• [Provided material]:
▽
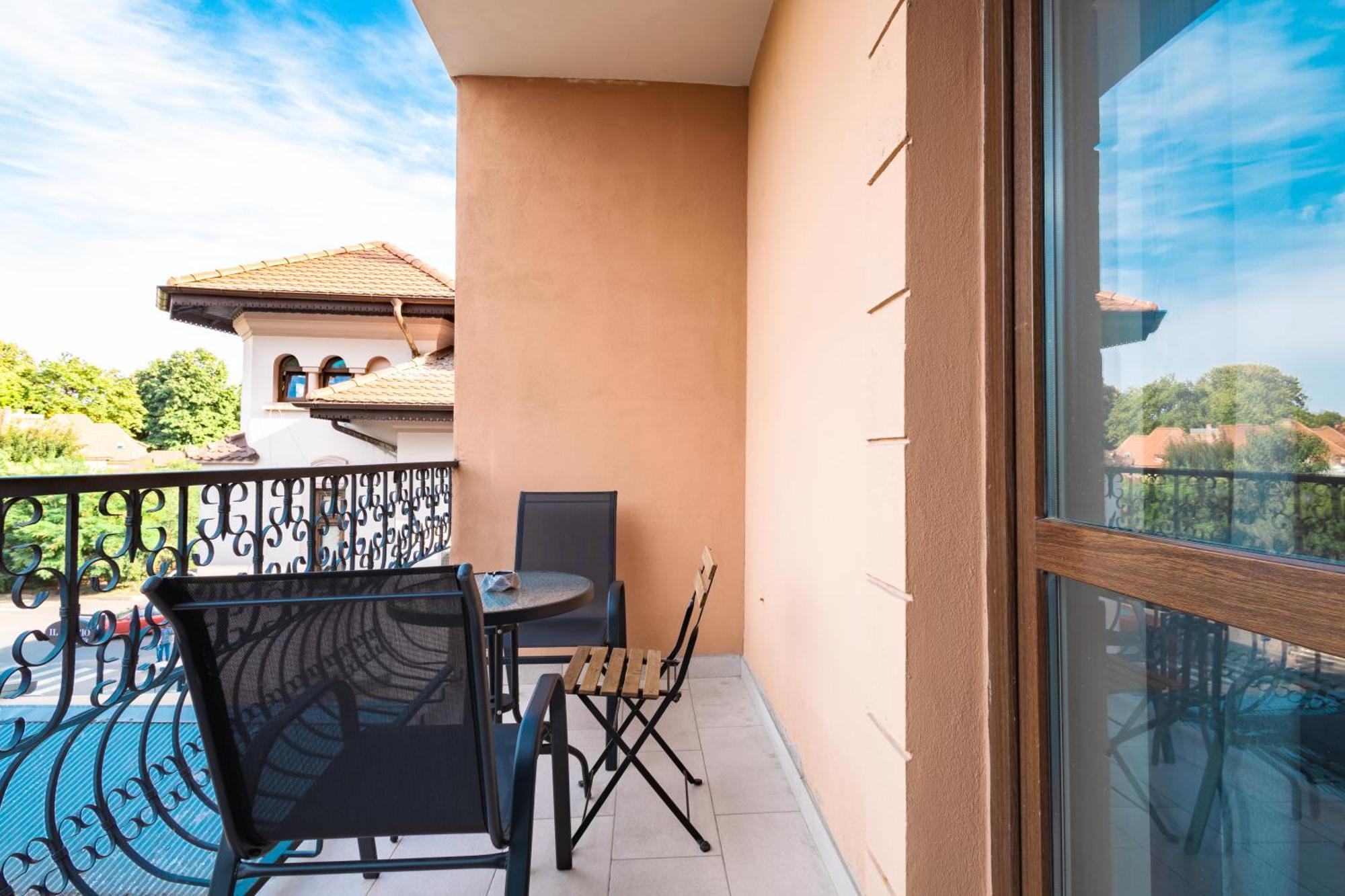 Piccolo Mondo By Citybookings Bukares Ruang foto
△
▽
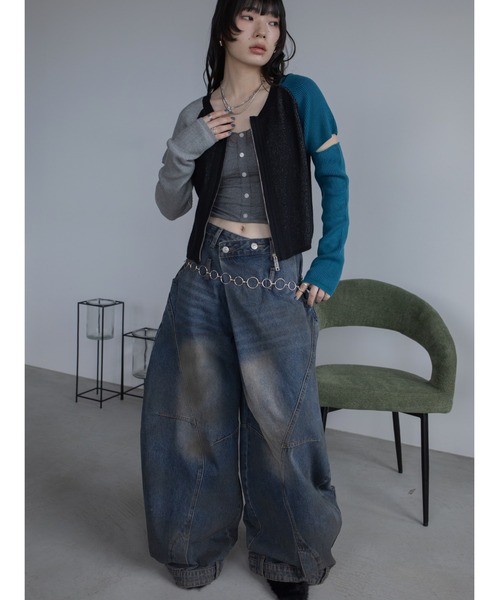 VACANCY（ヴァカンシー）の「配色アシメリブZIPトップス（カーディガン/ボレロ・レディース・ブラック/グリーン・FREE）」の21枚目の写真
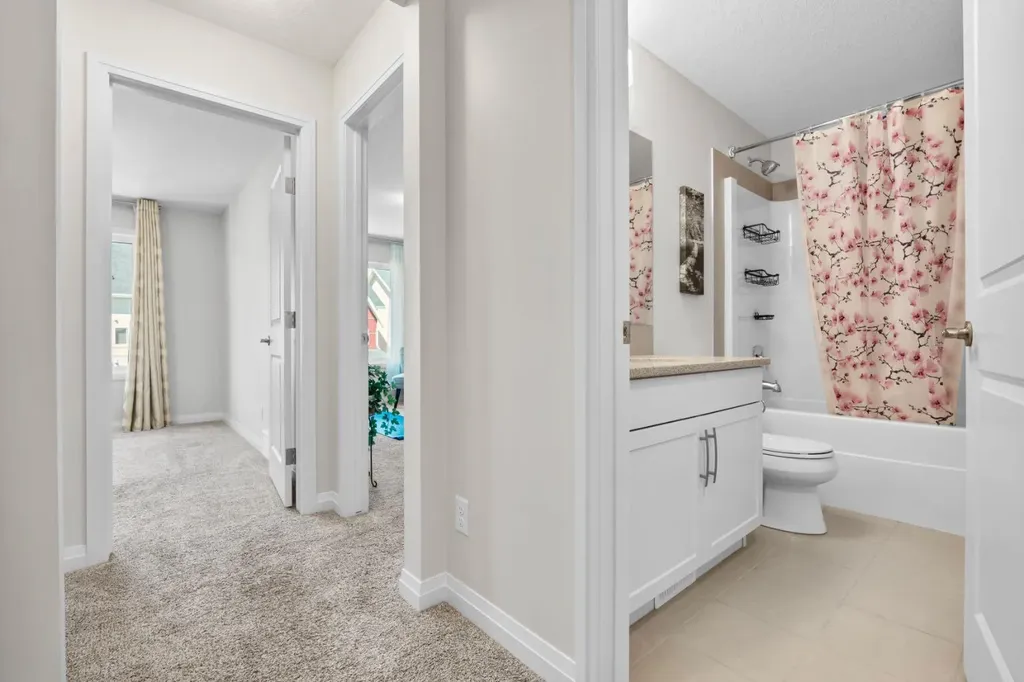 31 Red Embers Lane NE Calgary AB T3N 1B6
△
▽
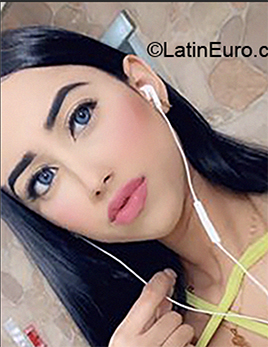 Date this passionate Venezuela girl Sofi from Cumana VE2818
△
• [Task requirements]: Go to the line above holding "VACANCY（ヴァカンシー", then copy exactly each line down to and including the one holding "31 Red Embers Lane NE Calgary AB T3N 1B6", leaving pictures out.

• [Exercise response]:
 VACANCY（ヴァカンシー）の「配色アシメリブZIPトップス（カーディガン/ボレロ・レディース・ブラック/グリーン・FREE）」の21枚目の写真
 31 Red Embers Lane NE Calgary AB T3N 1B6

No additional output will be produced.